Record extracts
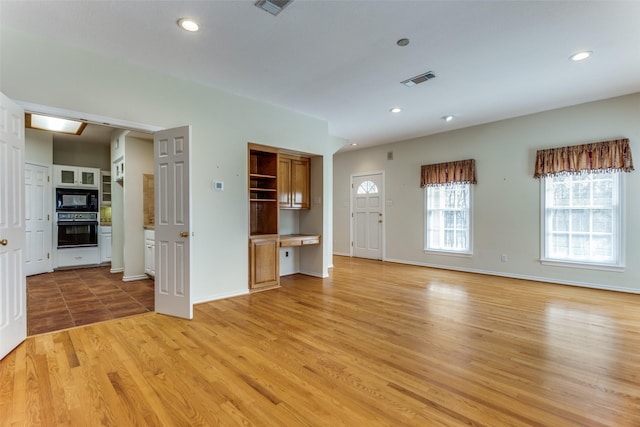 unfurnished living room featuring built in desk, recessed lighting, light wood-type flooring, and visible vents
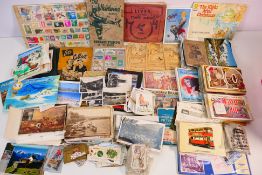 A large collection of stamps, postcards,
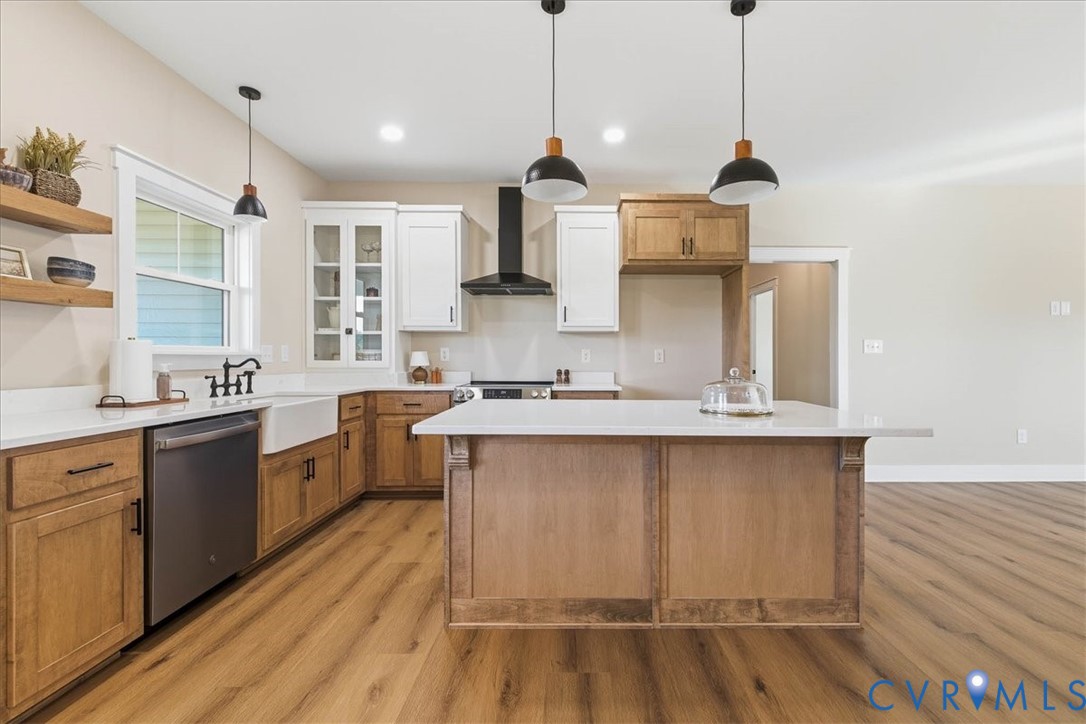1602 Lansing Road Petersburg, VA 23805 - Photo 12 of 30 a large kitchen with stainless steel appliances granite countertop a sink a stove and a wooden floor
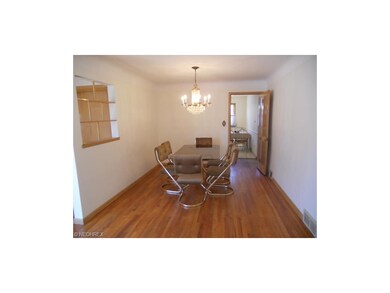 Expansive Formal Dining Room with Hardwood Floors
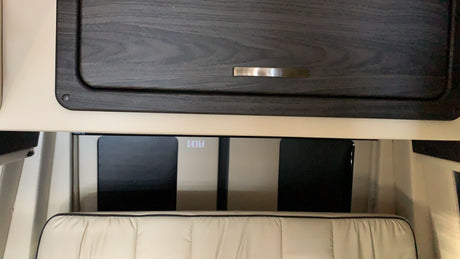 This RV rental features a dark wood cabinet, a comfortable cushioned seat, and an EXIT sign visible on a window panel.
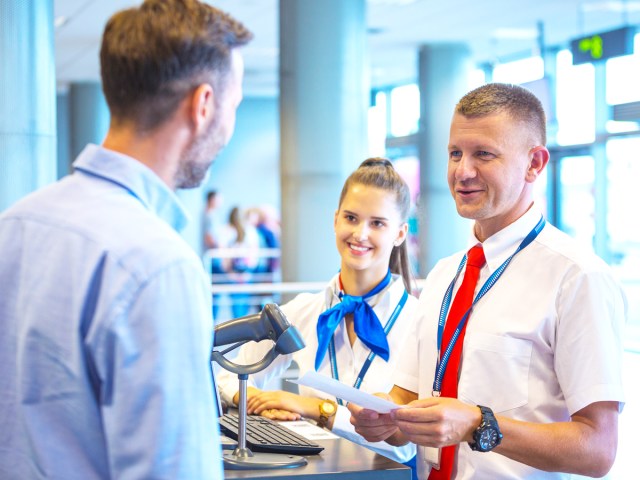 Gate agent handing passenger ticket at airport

...

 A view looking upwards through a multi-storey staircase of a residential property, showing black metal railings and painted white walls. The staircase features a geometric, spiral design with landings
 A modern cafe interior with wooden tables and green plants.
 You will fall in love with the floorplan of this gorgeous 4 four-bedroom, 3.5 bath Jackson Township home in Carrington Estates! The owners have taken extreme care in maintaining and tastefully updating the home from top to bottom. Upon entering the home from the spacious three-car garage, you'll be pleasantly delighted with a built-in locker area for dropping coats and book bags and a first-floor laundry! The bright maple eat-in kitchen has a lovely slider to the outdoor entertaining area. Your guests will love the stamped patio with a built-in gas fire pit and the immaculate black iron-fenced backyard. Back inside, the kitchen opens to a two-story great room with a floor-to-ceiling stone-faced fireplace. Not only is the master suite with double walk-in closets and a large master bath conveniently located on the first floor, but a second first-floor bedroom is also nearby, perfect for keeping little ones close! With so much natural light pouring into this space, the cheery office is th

Required work
Using the records above, return verbatim only the part that opens with the line containing "1602 Lansing Road" and closes with the line containing "Gate agent handing"; pictures stay out.

Solution below
1602 Lansing Road Petersburg, VA 23805 - Photo 12 of 30 a large kitchen with stainless steel appliances granite countertop a sink a stove and a wooden floor
 Expansive Formal Dining Room with Hardwood Floors
 This RV rental features a dark wood cabinet, a comfortable cushioned seat, and an EXIT sign visible on a window panel.
 Gate agent handing passenger ticket at airport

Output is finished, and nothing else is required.